It is thought the “writing is on the wall” for around £30bn of off-platform trail paying assets and advisers are being warned to adapt their business models accordingly.

Last week Money Marketing revealed Standard Life Investments is to scrap trail commission on its entire UK mutual funds range to coincide with the sunset clause on platform rebates in April.

SLI paid trail of either 25 or 50 basis points, but is only reducing annual management charges by around 20bps.

Advisers say the fund group is profiteering from the move, hiding behind a smokescreen of the RDR.

“Spirit of the RDR”

As part of its RDR platform rules, the FCA banned payments between fund managers and platforms and banned cash rebates. The rules were introduced on all new business from April 2014, with a two-year sunset clause on legacy payments between fund managers and platforms.

In 2012 the FSA separately set out rules on when trail can be paid post-RDR, which included paying trail on pre-RDR investment amounts where top-ups are paid into a product, and advice that leads to no change to the product.

But in a letter sent to advisers, seen by Money Marketing, SLI says trail on its mutual funds will stop to “align the way we treat legacy and new business, reflecting the spirit of the RDR”. Standard Life says “the overall financial impact on the Standard Life Group is negative.”

Old Mutual Global Investors says it only has a “very small book of business” which pays trail on off-platform assets. A spokesman says: “We have no plans at this time to take similar measures, although we regularly review charges on all investment funds to ensure they remain suitable.”
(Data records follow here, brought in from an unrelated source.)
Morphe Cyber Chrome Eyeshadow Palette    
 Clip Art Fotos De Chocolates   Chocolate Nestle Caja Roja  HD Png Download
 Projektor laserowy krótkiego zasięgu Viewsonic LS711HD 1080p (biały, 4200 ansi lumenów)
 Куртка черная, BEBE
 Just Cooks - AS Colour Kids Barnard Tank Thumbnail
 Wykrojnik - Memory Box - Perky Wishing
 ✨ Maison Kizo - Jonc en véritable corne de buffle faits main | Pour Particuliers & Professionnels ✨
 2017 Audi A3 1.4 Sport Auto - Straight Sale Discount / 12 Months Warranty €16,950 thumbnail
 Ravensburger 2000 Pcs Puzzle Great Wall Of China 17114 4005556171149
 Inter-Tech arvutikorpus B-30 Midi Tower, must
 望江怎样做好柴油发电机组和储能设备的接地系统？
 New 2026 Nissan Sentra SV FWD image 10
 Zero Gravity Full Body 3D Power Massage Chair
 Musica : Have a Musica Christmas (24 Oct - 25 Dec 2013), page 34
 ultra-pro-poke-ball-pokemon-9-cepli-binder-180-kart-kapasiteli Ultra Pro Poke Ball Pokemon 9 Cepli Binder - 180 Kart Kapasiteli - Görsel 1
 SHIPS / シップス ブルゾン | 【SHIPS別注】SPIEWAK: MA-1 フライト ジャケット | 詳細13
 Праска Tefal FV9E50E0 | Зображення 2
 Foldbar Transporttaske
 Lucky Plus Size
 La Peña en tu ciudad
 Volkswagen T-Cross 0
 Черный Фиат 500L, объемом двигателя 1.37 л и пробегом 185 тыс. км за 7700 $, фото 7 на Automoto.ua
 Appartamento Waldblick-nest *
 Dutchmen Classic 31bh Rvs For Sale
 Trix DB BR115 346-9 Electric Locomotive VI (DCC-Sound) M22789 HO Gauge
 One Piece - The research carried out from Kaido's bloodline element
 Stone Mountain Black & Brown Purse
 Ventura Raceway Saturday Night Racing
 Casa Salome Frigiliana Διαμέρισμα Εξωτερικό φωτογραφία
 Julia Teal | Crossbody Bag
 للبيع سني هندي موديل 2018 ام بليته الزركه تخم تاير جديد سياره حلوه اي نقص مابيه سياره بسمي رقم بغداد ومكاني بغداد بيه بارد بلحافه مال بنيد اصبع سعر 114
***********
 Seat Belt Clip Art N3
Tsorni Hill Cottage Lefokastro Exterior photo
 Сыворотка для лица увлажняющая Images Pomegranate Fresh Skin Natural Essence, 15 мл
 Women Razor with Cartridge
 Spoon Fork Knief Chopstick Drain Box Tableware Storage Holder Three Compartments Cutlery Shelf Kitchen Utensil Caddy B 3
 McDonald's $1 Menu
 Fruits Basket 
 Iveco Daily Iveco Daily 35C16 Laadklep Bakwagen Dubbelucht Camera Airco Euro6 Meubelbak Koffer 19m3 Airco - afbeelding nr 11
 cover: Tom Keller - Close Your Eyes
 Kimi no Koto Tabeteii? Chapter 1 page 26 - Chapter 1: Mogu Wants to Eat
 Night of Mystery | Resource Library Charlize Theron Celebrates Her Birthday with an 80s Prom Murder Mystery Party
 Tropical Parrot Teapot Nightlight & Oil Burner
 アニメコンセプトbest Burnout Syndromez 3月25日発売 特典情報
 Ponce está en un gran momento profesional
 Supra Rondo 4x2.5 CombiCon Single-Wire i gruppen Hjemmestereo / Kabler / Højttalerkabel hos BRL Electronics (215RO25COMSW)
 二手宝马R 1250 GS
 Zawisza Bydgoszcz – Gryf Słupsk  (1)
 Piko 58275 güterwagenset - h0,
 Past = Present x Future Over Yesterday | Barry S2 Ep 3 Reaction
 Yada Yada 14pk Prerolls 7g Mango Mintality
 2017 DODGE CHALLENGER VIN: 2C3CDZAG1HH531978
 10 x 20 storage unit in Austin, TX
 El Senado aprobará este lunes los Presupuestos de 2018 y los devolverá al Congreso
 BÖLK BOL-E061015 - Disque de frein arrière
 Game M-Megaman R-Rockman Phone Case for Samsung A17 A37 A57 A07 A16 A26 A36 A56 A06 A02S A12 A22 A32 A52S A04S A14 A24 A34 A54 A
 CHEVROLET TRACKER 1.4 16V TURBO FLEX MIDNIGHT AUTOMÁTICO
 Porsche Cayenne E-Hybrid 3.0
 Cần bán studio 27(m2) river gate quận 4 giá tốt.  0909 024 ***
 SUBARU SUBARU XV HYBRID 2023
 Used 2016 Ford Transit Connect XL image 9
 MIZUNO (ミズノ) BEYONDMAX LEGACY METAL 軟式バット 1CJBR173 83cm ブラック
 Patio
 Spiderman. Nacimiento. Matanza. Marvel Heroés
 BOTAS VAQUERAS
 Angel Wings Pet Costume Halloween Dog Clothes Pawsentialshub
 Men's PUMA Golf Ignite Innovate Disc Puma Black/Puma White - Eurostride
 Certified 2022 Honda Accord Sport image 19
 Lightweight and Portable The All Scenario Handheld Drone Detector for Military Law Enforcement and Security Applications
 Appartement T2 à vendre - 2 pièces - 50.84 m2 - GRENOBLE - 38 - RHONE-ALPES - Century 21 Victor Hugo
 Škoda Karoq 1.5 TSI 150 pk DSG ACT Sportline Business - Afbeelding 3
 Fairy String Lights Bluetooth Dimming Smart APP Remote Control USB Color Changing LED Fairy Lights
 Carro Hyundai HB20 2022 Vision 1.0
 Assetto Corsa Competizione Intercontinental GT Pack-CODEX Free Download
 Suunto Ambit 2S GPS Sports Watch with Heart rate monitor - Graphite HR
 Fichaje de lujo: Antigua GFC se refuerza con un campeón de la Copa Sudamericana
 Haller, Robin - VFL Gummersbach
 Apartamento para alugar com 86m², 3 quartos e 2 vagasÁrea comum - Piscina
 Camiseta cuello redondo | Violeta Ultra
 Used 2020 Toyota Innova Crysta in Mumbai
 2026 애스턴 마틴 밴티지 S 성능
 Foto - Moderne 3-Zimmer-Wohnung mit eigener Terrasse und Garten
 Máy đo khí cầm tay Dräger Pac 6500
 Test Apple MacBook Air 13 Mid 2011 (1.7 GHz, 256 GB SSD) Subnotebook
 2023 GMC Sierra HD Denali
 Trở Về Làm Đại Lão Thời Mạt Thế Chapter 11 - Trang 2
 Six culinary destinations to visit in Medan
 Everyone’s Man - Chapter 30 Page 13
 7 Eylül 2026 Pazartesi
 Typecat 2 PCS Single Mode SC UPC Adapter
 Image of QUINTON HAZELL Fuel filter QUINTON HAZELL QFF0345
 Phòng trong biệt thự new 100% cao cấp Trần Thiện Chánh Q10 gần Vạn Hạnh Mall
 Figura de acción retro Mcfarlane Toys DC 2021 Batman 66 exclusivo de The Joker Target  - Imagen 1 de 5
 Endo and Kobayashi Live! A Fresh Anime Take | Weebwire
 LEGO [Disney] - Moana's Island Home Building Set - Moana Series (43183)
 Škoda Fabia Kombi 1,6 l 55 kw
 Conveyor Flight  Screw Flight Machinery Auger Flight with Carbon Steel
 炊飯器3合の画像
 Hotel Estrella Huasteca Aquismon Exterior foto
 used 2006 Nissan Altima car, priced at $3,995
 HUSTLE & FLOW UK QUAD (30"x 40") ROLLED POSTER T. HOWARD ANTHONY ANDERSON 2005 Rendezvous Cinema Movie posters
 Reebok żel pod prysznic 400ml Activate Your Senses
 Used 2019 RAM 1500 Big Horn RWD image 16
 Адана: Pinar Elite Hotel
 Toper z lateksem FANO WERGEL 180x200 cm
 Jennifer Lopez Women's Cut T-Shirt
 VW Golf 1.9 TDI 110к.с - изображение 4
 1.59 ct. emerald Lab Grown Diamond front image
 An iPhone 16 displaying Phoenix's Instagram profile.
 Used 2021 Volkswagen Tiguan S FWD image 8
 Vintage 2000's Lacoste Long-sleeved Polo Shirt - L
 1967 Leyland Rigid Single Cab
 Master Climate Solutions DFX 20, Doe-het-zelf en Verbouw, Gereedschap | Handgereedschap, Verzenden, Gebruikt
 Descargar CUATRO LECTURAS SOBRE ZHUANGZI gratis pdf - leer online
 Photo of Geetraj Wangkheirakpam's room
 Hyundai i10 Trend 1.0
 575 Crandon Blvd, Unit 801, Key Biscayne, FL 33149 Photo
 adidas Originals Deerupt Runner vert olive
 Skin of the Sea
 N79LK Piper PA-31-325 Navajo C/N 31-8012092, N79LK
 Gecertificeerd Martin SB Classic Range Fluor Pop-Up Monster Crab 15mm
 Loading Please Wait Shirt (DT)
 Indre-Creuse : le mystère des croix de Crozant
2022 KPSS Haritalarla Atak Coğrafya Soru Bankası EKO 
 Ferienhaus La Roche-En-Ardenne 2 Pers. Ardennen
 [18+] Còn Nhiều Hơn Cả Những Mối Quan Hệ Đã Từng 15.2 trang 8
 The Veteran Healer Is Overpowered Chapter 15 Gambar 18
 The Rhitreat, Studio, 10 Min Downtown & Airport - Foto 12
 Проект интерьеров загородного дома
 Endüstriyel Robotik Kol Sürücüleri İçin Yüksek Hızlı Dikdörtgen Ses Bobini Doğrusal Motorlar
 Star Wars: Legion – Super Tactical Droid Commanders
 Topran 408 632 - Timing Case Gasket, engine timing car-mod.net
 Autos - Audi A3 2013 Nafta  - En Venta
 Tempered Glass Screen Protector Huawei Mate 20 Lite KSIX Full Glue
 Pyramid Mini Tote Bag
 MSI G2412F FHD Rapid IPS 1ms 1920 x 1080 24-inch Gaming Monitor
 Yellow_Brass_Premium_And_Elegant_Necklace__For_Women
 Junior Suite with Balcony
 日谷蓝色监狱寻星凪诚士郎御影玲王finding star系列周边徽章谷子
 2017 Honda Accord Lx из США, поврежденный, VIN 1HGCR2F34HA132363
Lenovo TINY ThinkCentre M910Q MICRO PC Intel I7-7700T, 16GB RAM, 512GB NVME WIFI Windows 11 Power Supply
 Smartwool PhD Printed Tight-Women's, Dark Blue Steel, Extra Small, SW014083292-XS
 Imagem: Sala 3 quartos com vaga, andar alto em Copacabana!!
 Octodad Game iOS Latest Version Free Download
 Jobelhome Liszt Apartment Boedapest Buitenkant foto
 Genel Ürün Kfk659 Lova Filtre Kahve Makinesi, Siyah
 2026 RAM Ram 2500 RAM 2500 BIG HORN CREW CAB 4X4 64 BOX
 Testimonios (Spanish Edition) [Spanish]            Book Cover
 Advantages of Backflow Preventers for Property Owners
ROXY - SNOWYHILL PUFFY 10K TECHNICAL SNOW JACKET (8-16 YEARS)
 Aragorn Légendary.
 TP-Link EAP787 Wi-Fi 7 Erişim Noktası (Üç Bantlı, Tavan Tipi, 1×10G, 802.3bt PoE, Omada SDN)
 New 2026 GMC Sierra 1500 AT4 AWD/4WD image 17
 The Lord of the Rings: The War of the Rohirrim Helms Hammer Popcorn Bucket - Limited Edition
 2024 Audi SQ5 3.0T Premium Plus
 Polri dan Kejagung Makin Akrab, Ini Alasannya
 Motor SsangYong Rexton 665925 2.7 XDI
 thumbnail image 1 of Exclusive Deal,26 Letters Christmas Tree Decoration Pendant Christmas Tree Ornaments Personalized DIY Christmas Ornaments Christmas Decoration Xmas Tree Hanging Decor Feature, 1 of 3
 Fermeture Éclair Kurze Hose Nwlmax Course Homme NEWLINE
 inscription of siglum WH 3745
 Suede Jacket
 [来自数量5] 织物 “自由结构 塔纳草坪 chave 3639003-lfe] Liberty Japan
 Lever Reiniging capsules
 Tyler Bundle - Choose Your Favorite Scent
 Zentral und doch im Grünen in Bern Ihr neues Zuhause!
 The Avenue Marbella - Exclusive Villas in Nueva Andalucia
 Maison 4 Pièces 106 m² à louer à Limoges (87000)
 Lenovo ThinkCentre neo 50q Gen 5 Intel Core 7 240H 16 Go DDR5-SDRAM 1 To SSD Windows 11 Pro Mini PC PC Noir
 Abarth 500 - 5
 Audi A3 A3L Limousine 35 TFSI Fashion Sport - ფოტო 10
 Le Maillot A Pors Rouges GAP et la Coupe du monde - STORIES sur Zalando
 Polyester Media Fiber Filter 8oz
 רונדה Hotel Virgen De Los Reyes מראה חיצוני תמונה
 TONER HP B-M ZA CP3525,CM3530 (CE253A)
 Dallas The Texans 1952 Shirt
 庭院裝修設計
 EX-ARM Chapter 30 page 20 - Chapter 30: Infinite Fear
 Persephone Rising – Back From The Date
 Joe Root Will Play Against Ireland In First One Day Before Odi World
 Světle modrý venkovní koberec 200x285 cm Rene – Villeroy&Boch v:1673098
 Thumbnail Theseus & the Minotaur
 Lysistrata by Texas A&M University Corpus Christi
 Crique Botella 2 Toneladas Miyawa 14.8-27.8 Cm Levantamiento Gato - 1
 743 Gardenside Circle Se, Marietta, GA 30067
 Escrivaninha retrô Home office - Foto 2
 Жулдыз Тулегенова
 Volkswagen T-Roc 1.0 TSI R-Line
Aviva and Aegon also say there have no plans to cut trail commission, while Legal & General Investment Management declined to comment.

A Royal London spokeswoman says: “We will continue to pay existing trail commission to an adviser for as long as we are allowed to under legislation.”

Advice firm Almary Green has trail income of around £2m a year.

Managing director Carl Lamb says: “When I set the firm up 15 years ago it was on a fee basis, or a low initial fee and trail. Our whole business was based on trail, which at the time was forward thinking because a lot of people were still only taking upfront commission.

“So we’ve been penalised for being frugal – we could have taken commission upfront and filled our boots.

“If everyone turned trail off tomorrow, you’d say goodbye to the IFA industry. It is heavily reliant on that commission – probably around 80 to 90 per cent is reliant, including the large networks.”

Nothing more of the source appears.